The holocaust was a huge impetus for Jewish migration to Palestine. Fleeing the horrors of war and capitalist economic depression, many Jews had radical ideas and saw their new homeland as a secure place where poverty and oppression would be forgotten.
But these ideas did not take into account the hopes and aspirations of the Palestinians, who lived there. Clashes developed between Jewish migrants and Palestinians. The former developed armed militias that through fear, intimidation and military action drove the majority of the Palestinian population from their homes, following the declaration of the independent state of Israel in 1948. The United Nations, which had decided that Palestine should have an independent Palestinian and a Jewish state in 1947, responded by recognising Israel. By supporting the creation of an Israeli state based on the dispossession of the Palestinian people, imperialism allowed the creation of a conflict which has lasted to this day.
The forerunners of the Socialist Party opposed the creation of Israel and warned that rather than guaranteeing the security and economic well-being of Israeli Jews, it would become a bloody trap for them.
US imperialism stepped up economic aid to Israel in the 1950s as a result of the revolutionary movements that swept the Arab world, threatening capitalism’s long term interests in the region’s oil reserves. Israeli capitalism has received an average of $4 billion a year in US loans and economic aid from that time.
Israel’s ruling class encouraged Jewish immigration from all over the world, with promises of physical and economic security for those who came. Israel had one of the best welfare states in the world for its Jewish population, to ensure its cohesion.
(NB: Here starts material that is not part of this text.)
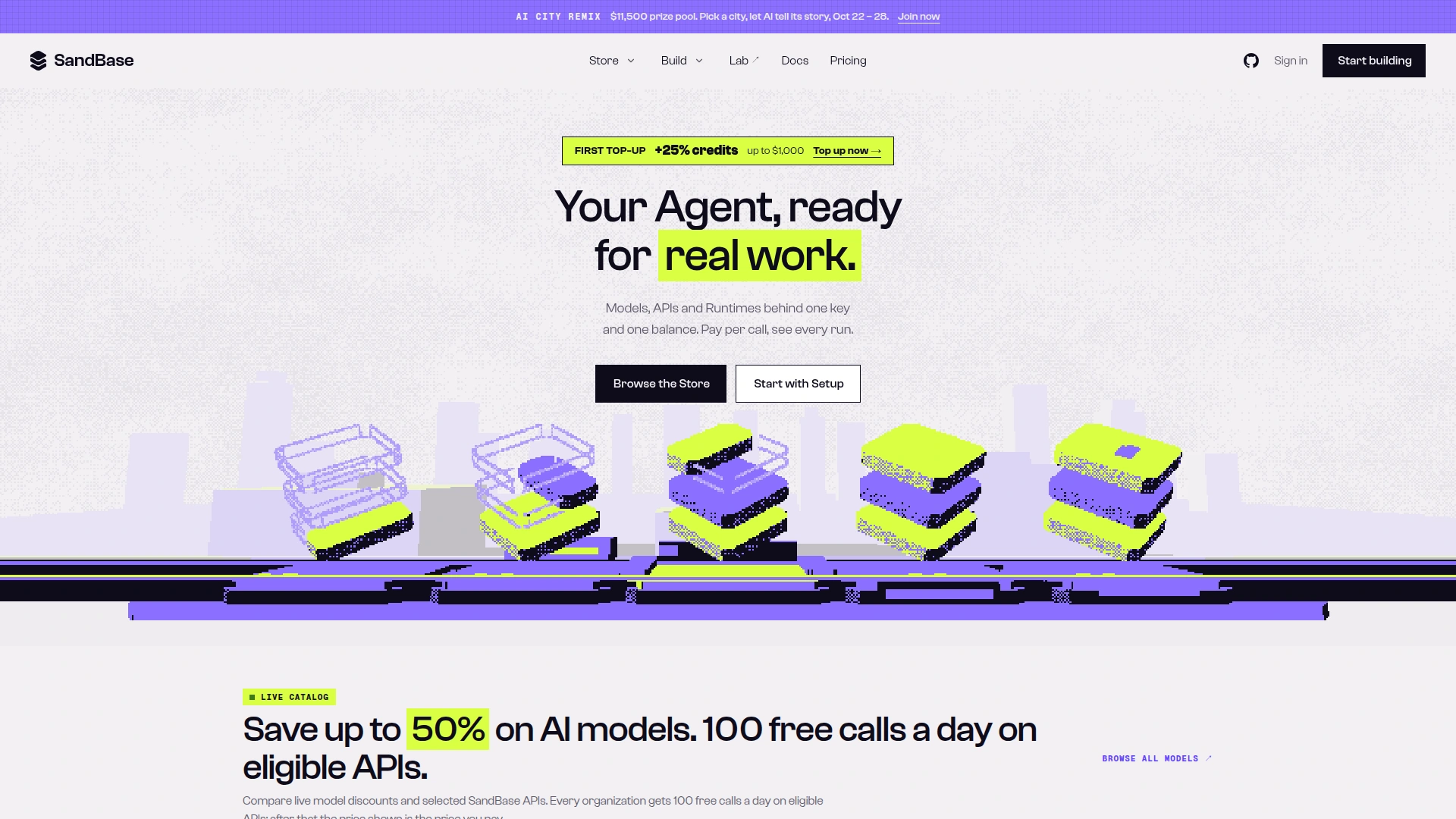 SandBase homepage showing Wan 3.0 models with a 35 percent off badge and discounted prices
This was necessary because they had to be prepared to fight to defend the Israeli state in wars against surrounding Arab nations. In reality this meant defending the Israeli ruling elite’s power and prestige.
Since Israel’s formation, there have been five wars and two Palestinian uprisings (intifadas). In 1967, Israel attacked surrounding Arab countries and occupied Gaza and the West Bank. The Palestine Liberation Organisation (PLO), formed in 1964, was the organisation that most Palestinians came to regard as the main force committed to their national liberation. However the PLO, led by Yasser Arafat, combined ineffectual policies of diplomatic pressure, with military attacks on Israeli citizens. Its leadership grew comfortable in exile and wasn’t accountable to the Palestinian people it claimed to represent.
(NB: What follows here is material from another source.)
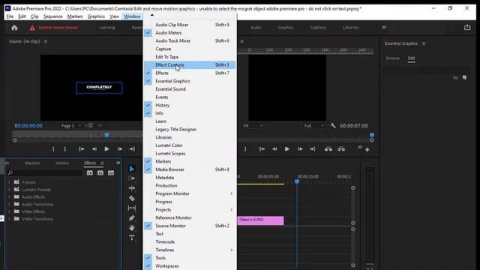 How to show effects and effect controls panel in Adobe premiere pro | Open effect and effect contro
This didn’t stop the Palestinian working class and poor from being prepared to undertake mass struggle against the oppression they faced. This in part explains the development of the first and second intifadas.
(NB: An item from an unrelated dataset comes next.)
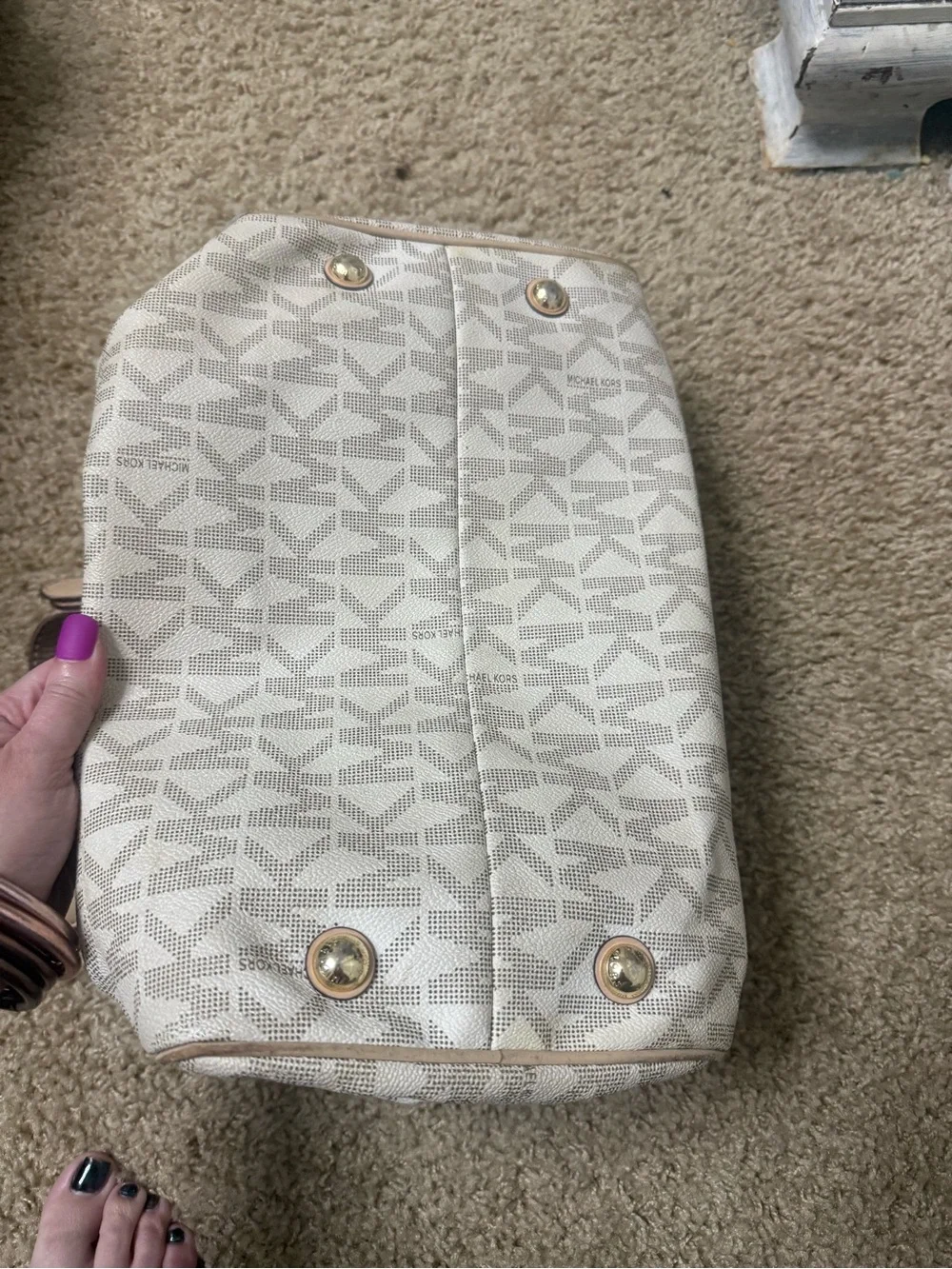 Michael Kors Cream Logo Satchel with Tan Leather Trim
Following the first Gulf war, US imperialism pressurised Israel and the PLO leadership into ‘peace’ negotiations, which resulted in the two sides signing the Oslo peace accords in 1993. These accords, portrayed as a first step to Palestinian statehood, made the PLO the new oppressors of the Palestinians. The occupied territories were carved into numerous disconnected enclaves, separated by ever-expanding Israeli Jewish settlements, built on the most fertile land with the best water supply.
Despite propaganda about peace, it is clear from all the negotiations that have taken place amongst regional and world leaders that they cannot provide long lasting solutions to the problems of the Israeli and Palestinian working and middle classes. In fact, conditions for the majority have worsened immeasurably and tension in the region has increased.